Через два часа после этой беседы Самгин видел, как Тагильского убили. Самгин пил чай в бараке – столовой офицеров. В длинном этом сарае их было человек десять, двое сосредоточенно играли в шахматы у окна, один писал письмо и, улыбаясь, поглядывал в потолок, еще двое в углу просматривали иллюстрированные журналы и газеты, за столом пил кофе толстый старик с орденами на шее и на груди, около него сидели остальные, и один из них, черноусенький, с кошечьим лицом, что-то вполголоса рассказывал, заставляя старика усмехаться. Он только что кончил беседовать с ротмистром Рущиц-Стрыйским, человеком такого богатырского объема, что невозможно было вообразить коня, верхом на котором мог бы ездить этот огромный, тяжелый человек. Череп его оброс густейшей массой седых курчавых волос, круглое, румяное лицо украшали овечьи глаза, красный нос и плотные, толстые, черные усы, красиво прошитые серебряной нитью. Выслушав Самгина, он сказал густейшим подземным голосом, добродушно и любезно:

– Бросьте, батенька! Это – дохлое дело. Еще раньше дня на три, ну, может быть… А теперь мы немножко танцуем назад, составы кормежных поездов гонят куда только возможно гнать, все перепуталось, и мы сами ничего не можем найти. Боеприпасы убирать надобно, вот что. Кое-что, пожалуй, надобно будет предать огню.

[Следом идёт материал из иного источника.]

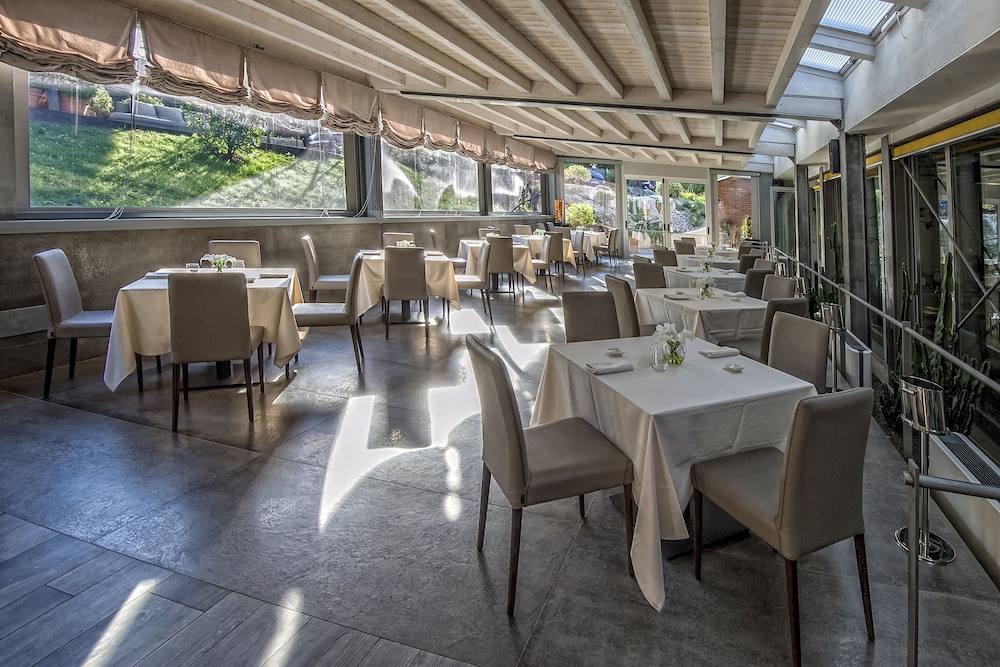 Relais Bellaria Hotel And Congressi 43/52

Именно в эту минуту явился Тагильский. Войдя в открытую дверь, он захлопнул ее за собою с такой силой, что тонкие стенки барака за спиною Самгина вздрогнули, в рамах заныли, задребезжали стекла, но дверь с такой же силой распахнулась, и вслед за Тагильским вошел высокий рыжий офицер со стеком в правой руке.

– Извольте ответить, – кричал он высоким голосом, топая ногами так, что даже сквозь шум в столовой, гулкой, точно бочка, был слышен звон его шпор.

– Прошу оставить меня в покое, – тоже крикнул Тагильский, садясь к столу, раздвигая руками посуду. Самгин заметил, что руки у него дрожат. Толстый офицер с седой бородкой на опухшем лице, с орденами на шее и на груди, строго сказал:

– Прошу не шуметь! В чем дело?

У рыжего офицера лицо было серое, с каким-то синеватым мертвенным оттенком, его искажали судорожные гримасы, он, как будто от боли, пытался закрыть глаза, но глаза выкатывались.

– Вчера этот господин убеждал нас, что сибирские маслоделы продают масло японцам, заведомо зная, что оно пойдет в Германию, – говорил он, похлестывая стеком по сапогу. – Сегодня он обвинил меня и капитана Загуляева в том, что мы осудили невинных…

– Да, – крикнул Тагильский, подскочив на стуле. – Вы расстреляли сумасшедших, а не дезертиров.

– Молчать! – свирепо крикнул толстый офицер. – Кто вам дал право…

– Таких дезертиров здесь – десятки, вон они ходят! Это – больные. Они – обезумели. Они не знают, куда…

Остались сидеть только шахматисты, все остальное офицерство, человек шесть, постепенно подходило к столу, становясь по другую сторону его против Тагильского, рядом с толстяком. Самгин заметил, что все они смотрят на Тагильского хмуро, сердито, лишь один равнодушно ковыряет зубочисткой в зубах. Рыжий офицер стоял рядом с Тагильским, на полкорпуса возвышаясь над ним… Он что-то сказал – Тагильский ответил громко:

– Да. Я – юрист и отдаю себе отчет в том, что говорю. Именно так: убийство психически невменяемых…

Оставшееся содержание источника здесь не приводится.